I'm using snakemake
to build a variant calling pipeline that can be run on a SLURM cluster. The cluster has login nodes and compute nodes. Any real computing should be done on the compute nodes in the form of an srun
or sbatch
job. Jobs are limited to 48 hours of runtime. My problem is that processing many samples, especially when the queue is busy, will take more than 48 hours to process all the rules for every sample. The traditional cluster execution for snakemake
leaves a master thread running that only submits rules to the queue after all the rule's dependencies have finished running. I'm supposed to run this master program on a compute node, so this limits the runtime of my entire pipeline to 48 hours.

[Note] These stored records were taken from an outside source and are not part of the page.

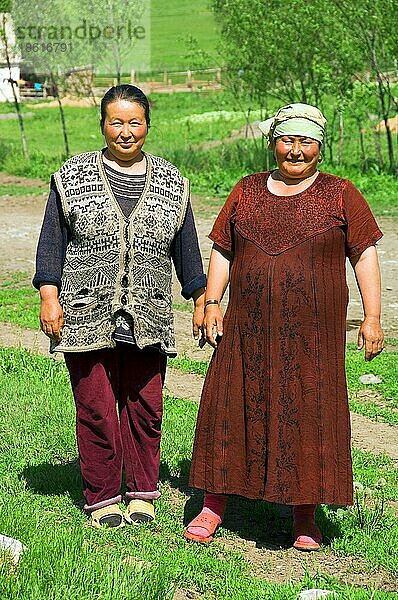 Kasachen-Frauen  Gabagly National Park  Gabagly  Kasachstan  Kazakhstan  Kasachinnen  Asien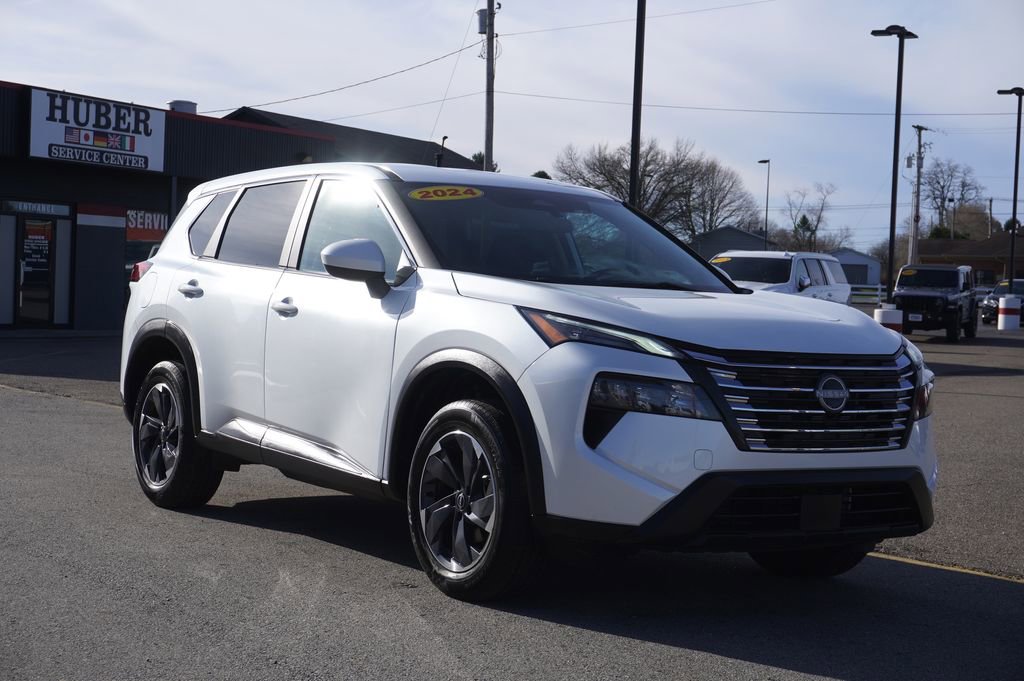 Used 2024 Nissan Rogue SV image 9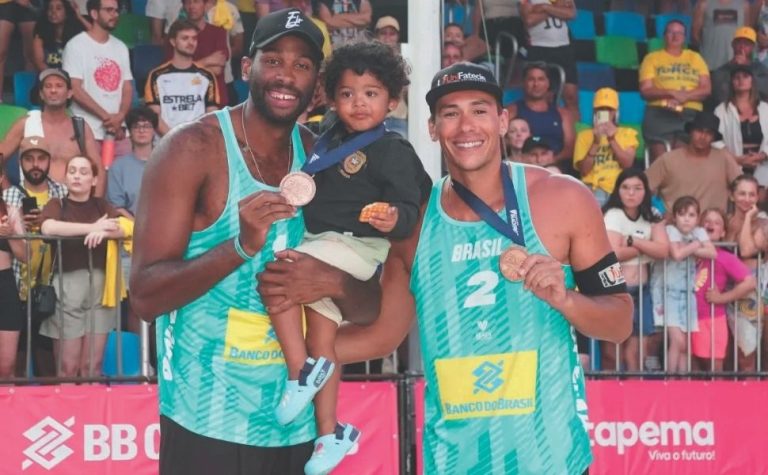 Duplas do ES conquistam o bronze no mundial de vôlei de areia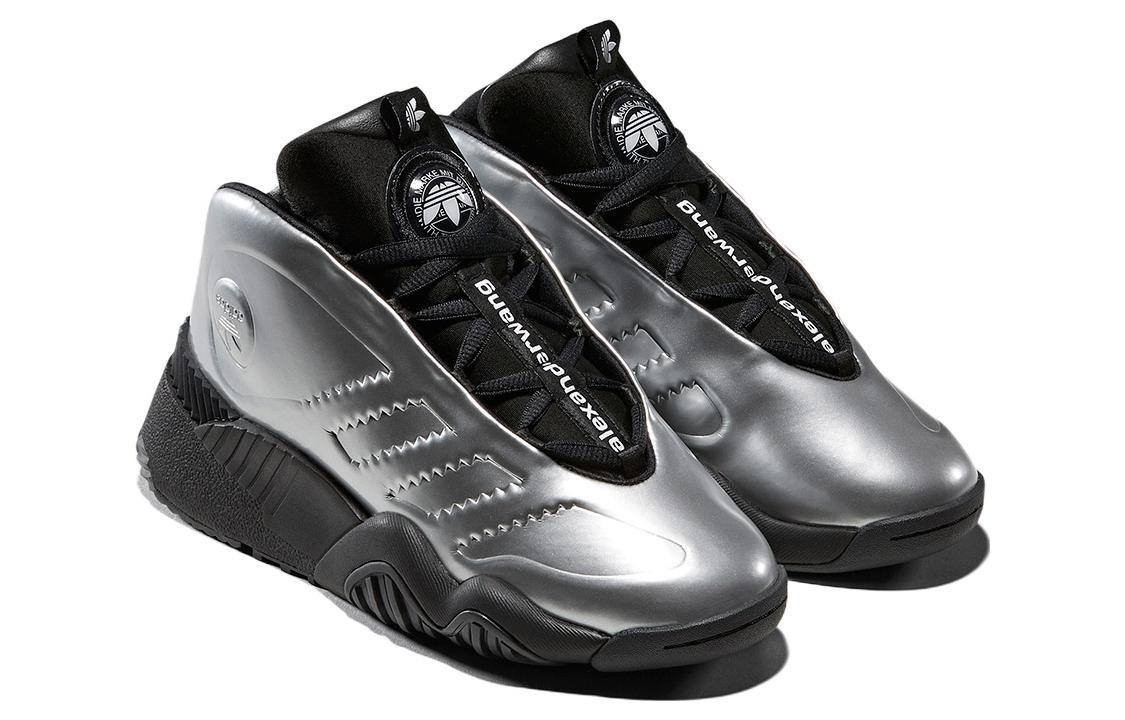 Lookbook 亚历山大·王 x 阿迪达斯 Futureshell '铂金金属' EE8489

I know SLURM jobs have dependency directives that tell a job to wait to run until other jobs have finished. Because the snakemake
workflow is a DAG, is it possible to submit all the jobs at once, with each job having its dependencies defined by the rule's dependencies from the DAG? After all the jobs are submitted the master thread would complete, circumventing the 48 hour limit. Is this possible with snakemake
, and if so, how does it work? I've found the --immediate-submit
command line option, but I'm not sure if this has the behavior I'm looking for and how to use the command because my cluster prints Submitted batch job [id]
after a job is submitted to the queue instead of just the job id.